#### TASK ITEM:
Restate word for word all of the lines below, with each image left out.

#### COLLECTED MATERIAL:

- - -

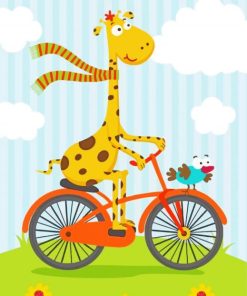 Cartoon Giraffe On Bicycle Diamond Painting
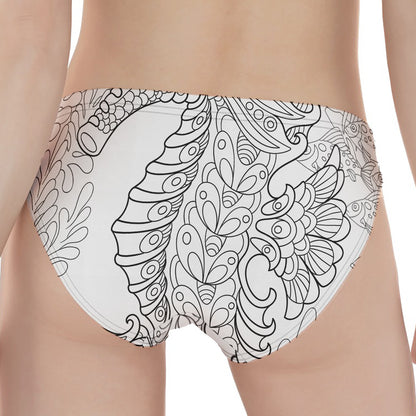Black And White Seahorse Print Women's Panties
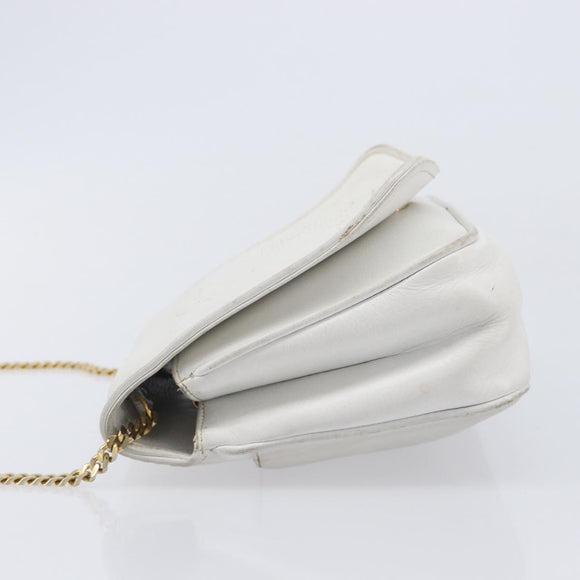 CELINE Chain Shoulder Bag Leather White Gold Auth mr3223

- - -

#### YOUR SOLUTION:
 Cartoon Giraffe On Bicycle Diamond Painting
Black And White Seahorse Print Women's Panties
 CELINE Chain Shoulder Bag Leather White Gold Auth mr3223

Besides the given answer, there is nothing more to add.